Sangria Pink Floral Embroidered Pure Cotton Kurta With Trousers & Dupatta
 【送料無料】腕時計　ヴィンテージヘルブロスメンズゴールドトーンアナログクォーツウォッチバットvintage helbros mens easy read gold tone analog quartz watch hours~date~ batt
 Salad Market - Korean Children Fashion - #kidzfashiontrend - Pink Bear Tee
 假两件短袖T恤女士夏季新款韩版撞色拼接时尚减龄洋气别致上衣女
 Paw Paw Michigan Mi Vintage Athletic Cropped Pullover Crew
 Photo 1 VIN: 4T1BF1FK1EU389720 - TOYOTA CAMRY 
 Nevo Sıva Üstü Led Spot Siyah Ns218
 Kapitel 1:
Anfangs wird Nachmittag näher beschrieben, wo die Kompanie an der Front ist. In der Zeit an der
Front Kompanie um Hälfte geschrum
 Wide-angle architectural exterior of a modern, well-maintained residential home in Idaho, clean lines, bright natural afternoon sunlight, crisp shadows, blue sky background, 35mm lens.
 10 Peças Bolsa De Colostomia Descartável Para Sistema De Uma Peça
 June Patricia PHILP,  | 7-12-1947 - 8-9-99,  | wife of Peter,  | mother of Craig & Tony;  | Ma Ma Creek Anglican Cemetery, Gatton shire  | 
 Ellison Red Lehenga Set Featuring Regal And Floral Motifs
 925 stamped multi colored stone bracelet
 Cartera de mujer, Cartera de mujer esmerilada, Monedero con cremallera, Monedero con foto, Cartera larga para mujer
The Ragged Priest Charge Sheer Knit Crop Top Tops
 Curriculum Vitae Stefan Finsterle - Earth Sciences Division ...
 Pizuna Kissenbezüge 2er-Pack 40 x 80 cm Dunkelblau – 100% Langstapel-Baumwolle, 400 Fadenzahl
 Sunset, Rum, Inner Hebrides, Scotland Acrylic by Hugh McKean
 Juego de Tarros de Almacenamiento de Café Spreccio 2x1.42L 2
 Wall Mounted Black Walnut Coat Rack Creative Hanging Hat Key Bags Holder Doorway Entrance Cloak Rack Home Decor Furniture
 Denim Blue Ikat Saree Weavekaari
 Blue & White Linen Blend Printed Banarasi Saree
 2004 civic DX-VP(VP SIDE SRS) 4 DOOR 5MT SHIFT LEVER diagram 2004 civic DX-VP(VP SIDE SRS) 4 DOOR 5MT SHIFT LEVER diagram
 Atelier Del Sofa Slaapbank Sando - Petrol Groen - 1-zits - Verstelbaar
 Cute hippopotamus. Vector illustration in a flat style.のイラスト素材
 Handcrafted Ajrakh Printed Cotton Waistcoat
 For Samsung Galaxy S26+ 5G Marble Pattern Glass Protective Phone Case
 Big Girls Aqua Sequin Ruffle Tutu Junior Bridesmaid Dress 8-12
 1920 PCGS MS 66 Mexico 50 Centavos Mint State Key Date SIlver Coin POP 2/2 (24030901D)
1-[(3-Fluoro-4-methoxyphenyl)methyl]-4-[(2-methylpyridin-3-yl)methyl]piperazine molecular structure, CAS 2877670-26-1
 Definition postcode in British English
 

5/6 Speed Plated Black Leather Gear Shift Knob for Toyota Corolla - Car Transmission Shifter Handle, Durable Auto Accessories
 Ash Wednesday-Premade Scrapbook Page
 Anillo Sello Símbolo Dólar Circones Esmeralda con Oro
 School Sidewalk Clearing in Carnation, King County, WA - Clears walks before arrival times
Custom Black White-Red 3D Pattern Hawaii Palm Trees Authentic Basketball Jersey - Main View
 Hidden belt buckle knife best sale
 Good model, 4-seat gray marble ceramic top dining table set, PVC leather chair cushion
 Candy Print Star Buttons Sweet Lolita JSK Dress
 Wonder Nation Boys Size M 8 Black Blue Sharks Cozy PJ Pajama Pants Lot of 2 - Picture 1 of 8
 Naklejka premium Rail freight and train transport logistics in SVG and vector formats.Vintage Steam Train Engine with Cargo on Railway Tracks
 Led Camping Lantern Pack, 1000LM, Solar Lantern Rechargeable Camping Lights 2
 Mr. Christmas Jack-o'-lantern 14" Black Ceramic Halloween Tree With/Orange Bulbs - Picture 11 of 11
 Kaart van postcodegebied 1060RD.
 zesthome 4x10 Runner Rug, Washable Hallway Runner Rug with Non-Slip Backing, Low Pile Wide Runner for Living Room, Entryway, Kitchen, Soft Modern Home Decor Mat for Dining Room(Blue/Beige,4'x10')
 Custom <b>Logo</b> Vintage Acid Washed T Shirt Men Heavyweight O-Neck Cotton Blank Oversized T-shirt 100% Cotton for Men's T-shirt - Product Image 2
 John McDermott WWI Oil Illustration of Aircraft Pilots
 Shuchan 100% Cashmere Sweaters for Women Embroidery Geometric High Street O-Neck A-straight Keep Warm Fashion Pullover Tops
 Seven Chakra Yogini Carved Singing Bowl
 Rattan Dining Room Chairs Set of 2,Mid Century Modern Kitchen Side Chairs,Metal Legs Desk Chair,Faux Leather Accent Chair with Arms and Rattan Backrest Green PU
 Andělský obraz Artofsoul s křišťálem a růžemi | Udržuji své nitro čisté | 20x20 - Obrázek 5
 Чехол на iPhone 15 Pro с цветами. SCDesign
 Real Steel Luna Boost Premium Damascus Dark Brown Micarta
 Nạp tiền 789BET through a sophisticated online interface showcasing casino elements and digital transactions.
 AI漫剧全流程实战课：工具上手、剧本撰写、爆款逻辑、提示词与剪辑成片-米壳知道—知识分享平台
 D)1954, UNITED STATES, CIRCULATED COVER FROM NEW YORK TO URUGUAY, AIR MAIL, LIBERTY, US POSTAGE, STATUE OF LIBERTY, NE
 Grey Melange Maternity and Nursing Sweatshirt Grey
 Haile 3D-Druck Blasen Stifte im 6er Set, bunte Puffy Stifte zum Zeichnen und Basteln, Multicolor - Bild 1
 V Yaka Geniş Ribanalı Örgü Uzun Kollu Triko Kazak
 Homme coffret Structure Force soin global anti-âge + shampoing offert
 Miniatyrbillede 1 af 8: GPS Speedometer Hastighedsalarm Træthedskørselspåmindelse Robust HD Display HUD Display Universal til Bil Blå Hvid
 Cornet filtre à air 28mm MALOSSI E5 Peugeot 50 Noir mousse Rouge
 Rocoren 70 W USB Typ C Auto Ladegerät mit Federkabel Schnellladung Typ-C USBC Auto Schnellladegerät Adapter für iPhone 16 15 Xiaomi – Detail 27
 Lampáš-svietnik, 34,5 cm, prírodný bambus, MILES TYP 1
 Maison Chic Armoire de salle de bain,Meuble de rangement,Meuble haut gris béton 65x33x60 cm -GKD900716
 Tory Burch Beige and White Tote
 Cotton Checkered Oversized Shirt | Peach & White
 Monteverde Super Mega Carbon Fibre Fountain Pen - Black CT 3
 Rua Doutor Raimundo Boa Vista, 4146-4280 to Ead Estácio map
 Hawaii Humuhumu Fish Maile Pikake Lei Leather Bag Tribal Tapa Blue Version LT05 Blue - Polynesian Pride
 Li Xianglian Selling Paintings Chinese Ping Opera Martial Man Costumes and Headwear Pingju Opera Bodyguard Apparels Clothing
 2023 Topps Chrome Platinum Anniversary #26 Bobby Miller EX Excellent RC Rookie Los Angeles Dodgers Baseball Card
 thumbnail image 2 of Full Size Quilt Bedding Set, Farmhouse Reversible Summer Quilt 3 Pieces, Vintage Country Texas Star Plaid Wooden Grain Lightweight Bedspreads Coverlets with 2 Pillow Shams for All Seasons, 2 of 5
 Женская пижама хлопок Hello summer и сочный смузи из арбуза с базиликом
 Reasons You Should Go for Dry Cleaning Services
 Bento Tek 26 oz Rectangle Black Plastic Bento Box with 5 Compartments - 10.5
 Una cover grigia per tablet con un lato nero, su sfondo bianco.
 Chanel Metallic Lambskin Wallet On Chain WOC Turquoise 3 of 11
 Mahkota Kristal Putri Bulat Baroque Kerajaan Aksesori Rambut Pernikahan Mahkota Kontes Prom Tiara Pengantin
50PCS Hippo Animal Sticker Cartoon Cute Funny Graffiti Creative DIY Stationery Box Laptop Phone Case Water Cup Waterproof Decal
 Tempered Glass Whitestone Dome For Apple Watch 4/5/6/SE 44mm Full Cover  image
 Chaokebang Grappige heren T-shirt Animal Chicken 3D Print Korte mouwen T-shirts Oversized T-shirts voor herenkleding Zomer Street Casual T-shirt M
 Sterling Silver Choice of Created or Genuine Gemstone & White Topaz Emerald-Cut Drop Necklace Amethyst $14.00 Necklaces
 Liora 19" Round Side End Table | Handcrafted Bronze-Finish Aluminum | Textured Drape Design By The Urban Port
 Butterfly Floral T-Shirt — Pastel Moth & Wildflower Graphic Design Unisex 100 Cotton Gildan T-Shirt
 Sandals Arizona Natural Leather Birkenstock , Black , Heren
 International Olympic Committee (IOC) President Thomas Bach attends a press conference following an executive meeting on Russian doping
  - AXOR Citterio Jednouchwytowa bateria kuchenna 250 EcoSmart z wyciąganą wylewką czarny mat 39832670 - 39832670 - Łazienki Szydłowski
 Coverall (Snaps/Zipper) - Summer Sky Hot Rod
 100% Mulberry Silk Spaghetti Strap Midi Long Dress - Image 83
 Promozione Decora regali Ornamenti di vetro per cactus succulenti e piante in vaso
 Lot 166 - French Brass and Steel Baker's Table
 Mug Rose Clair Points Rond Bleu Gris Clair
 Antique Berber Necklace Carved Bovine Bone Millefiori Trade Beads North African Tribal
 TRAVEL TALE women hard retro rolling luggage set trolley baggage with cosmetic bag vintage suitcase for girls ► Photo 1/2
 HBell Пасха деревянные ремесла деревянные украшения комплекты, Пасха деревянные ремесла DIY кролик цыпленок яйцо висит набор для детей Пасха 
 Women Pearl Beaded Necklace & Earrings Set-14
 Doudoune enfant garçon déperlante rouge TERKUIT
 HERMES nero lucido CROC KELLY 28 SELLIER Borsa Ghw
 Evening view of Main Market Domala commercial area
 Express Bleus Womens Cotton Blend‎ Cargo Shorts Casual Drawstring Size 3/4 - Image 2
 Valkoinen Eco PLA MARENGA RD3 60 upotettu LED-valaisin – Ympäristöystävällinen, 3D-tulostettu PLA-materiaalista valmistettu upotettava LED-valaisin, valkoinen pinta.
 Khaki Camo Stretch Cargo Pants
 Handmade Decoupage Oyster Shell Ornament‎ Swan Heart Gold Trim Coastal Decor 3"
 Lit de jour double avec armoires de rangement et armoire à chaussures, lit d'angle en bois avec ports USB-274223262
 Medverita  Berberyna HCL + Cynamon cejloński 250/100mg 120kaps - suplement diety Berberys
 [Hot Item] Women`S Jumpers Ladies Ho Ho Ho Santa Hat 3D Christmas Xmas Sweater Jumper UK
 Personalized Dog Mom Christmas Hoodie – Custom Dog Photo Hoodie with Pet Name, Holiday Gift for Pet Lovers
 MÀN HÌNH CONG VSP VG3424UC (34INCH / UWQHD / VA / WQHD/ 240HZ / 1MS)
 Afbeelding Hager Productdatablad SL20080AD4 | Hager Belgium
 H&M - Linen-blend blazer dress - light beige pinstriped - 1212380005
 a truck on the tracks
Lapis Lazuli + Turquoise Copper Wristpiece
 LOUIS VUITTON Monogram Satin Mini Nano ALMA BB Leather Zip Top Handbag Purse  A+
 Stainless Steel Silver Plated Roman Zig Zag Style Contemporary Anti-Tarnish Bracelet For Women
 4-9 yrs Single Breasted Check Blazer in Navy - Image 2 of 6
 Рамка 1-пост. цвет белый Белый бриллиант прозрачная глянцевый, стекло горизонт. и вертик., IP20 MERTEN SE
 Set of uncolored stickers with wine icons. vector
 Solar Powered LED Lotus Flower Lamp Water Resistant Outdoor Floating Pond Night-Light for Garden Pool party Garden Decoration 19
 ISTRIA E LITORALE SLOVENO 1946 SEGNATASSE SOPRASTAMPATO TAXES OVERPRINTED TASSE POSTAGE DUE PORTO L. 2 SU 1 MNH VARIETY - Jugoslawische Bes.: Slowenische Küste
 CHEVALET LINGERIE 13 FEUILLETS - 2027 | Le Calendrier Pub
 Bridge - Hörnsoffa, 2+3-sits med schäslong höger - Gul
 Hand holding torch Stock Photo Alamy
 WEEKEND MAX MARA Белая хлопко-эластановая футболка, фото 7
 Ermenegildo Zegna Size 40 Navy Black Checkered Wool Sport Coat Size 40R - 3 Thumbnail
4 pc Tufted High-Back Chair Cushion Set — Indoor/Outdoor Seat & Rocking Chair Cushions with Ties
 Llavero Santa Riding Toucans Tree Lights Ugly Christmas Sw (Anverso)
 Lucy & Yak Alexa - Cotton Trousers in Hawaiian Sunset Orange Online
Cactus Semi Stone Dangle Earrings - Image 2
__________
*ASSIGNED TASK*. Among the entries above, copy exactly only the lines starting with the one containing "Lampáš-svietnik, 34,5 cm, prírodný" and going through the one containing "Li Xianglian Selling", both ends included.

*THE ANSWER*.
 Lampáš-svietnik, 34,5 cm, prírodný bambus, MILES TYP 1
 Maison Chic Armoire de salle de bain,Meuble de rangement,Meuble haut gris béton 65x33x60 cm -GKD900716
 Tory Burch Beige and White Tote
 Cotton Checkered Oversized Shirt | Peach & White
 Monteverde Super Mega Carbon Fibre Fountain Pen - Black CT 3
 Rua Doutor Raimundo Boa Vista, 4146-4280 to Ead Estácio map
 Hawaii Humuhumu Fish Maile Pikake Lei Leather Bag Tribal Tapa Blue Version LT05 Blue - Polynesian Pride
 Li Xianglian Selling Paintings Chinese Ping Opera Martial Man Costumes and Headwear Pingju Opera Bodyguard Apparels Clothing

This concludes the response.